Opinion
Civil Action 22-127 (TSC)
07-28-2023
MEMORANDUM OPINION
TANYA S. CHUTKAN UNITED STATES DISTRICT JUDGE
Plaintiff Mildred E. Francis, proceeding pro se, has sued the Acting Director of the D.C. Office of Zoning and D.C. Mayor Muriel Bowser under 42 U.S.C. § 1983. She alleges that the Office of Zoning's refusal to accept her zoning variance application violates her rights to Equal Protection and Due Process under the Fourteenth Amendment, as well as her right to “access to powers vested in the Board of Zoning Adjustment.” Compl. at 4. Defendants have moved to dismiss under Federal Rule of Civil Procedure 12(b)(6). ECF No. 6. For the reasons set forth below, the court will GRANT Defendants' motion.
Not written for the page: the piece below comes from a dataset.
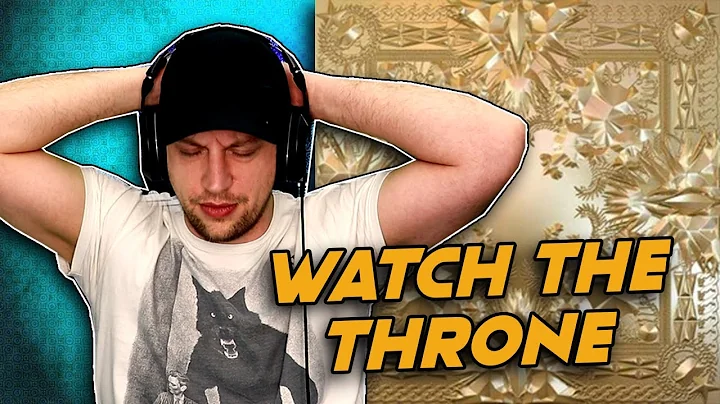 Watch The Throne - Jay-Z and Kanye West - FULL ALB...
Because the Complaint's internal pagination is not fully consecutive, the court refers to the page numbers in the electronic PDF file, ECF No. 1.
I. BACKGROUND
D.C. regulations allow property owners to apply to the Board of Zoning Adjustment (“BZA”) for a “variance” from zoning requirements. D.C. Code § 6-641.07(g)(3). Within five days of an application being filed with the BZA, the Director of the Office of Zoning “shall review [it] for completeness.” 11Y D.C.M.R. § 400.1. Complete applications are scheduled for a BZA hearing. Id. §§ 400.3-400.6. If an application is incomplete, however, the Director “shall notify the applicant in writing of any deficiency” and provide the applicant with at least five days to make necessary corrections. Id. § 400.2. “If the applicant fails or refuses to correct the deficiencies in the application by the date stated, the Director shall not accept the application for filing.” Id.
A variance application must meet certain requirements, three of which are particularly relevant here. First, the application must contain either a “memorandum from the Zoning Administrator stating that a building permit application has been filed and certifying the required zoning relief,” or a “certification by an architect or attorney” licensed to practice in the District stating that “[t]he relief requested is required in order for the proposed structure to be erected or the proposed use to be established.” Id. § 300.6. Second, it must contain a “plat, drawn to scale and certified by a survey engineer licensed in the District of Columbia or by the D.C. Office of the Surveyor, showing the boundaries and dimensions of the existing and proposed structures and accessory buildings and structures on the specific piece of property, if necessary.” Id. § 300.8(b). And finally, the application must include “[a]rchitectural plans and elevations in sufficient detail to clearly illustrate any proposed structure to be erected or altered, landscaping and screening, and building materials.” Id. § 300.8(c).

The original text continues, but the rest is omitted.